Anyone one have some insight willing to share.


----------



## Bob Korves (Aug 16, 2020)

I have had a Kent KLS-1340a for close to 10 years, and it has been fine.  I have had no issues that I have not been able to address satisfactorily myself.  Still, these are all Chinese lathes, and you are likely to find issues with all of them.  The considerably lower prices compared to American and European lathes are made possible by paying their workers less, and by cutting corners where possible without being obvious.  In my case, as a hobbyist, it made sense to me getting the Kent lathe, lightly used when I got it.


----------



## Steve R (Aug 16, 2020)

All of the lathes and mill models listed above are made in Taiwan and not China.


----------



## Larry$ (Aug 17, 2020)

Given a choice I would go with a Taiwanese machine over a Mainland China one.

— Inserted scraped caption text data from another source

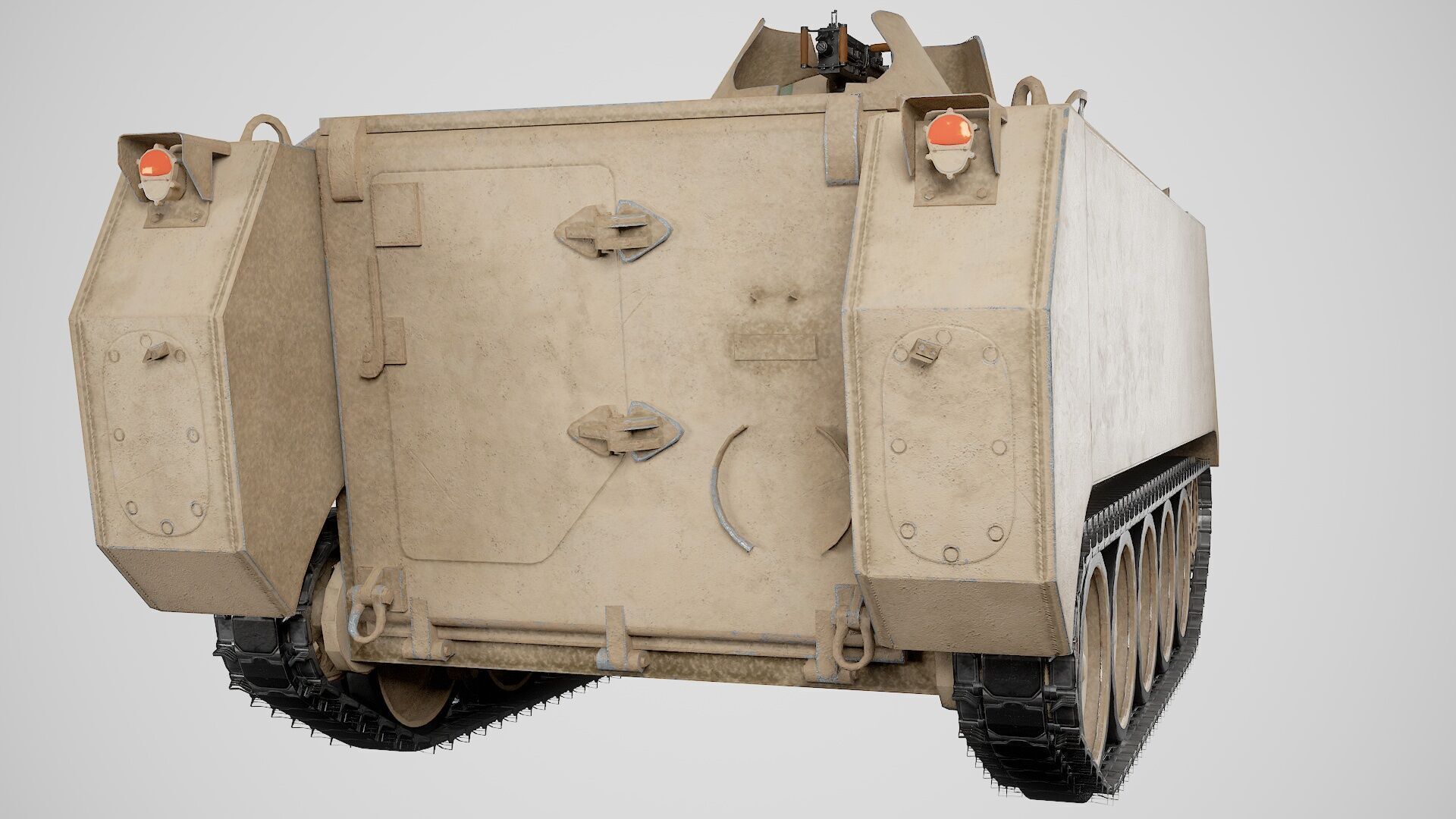 Lowpoly M113 Armored Personnel Carrier - Game-Ready Military Low-poly 3D model_6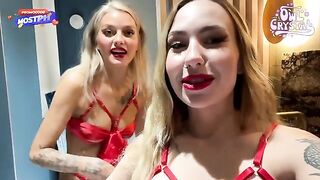 Two girls are having fun with a guy in an amateur video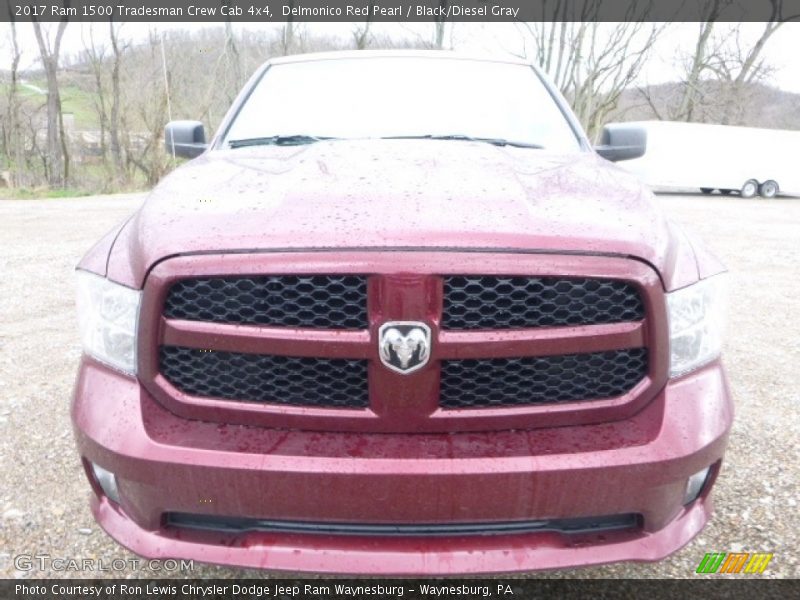 Delmonico Red Pearl / Black/Diesel Gray 2017 Ram 1500 Tradesman Crew Cab 4x4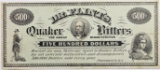 1870'S DR. FLINTS QUAKER BITTERS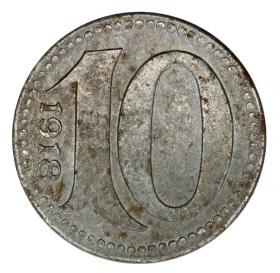 Obrazek 2 dla: 10 fenigów 1918 Mainz Hesja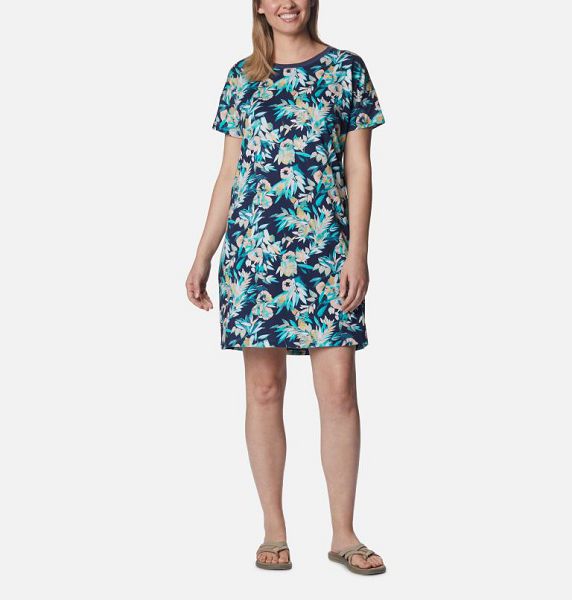 Women Columbia Park™ Printed Dress Light Turquoise | US-PTJXAR-028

Next thing to consider is dealer/importer support. I've only bought one new machine and it was from Quality. It is a PM1440HD, Chinese made. Decent but not premium. Excellent support. Some of the Precision Mathews machines come from Taiwan. As to whether the increased price is worth it for hobby use, your call. I've had my lathe for 4 years. The price has risen considerably in that time. The number of accessories included has been reduced to keep the price from looking too high. My lathe is 3 phase because I've had it in my production plant where everything is 3 phase. Greatly prefer 3 phase but soon I will be moving all my stuff to a home shop, Will install a phase converter. Probably make it myself, have done that before.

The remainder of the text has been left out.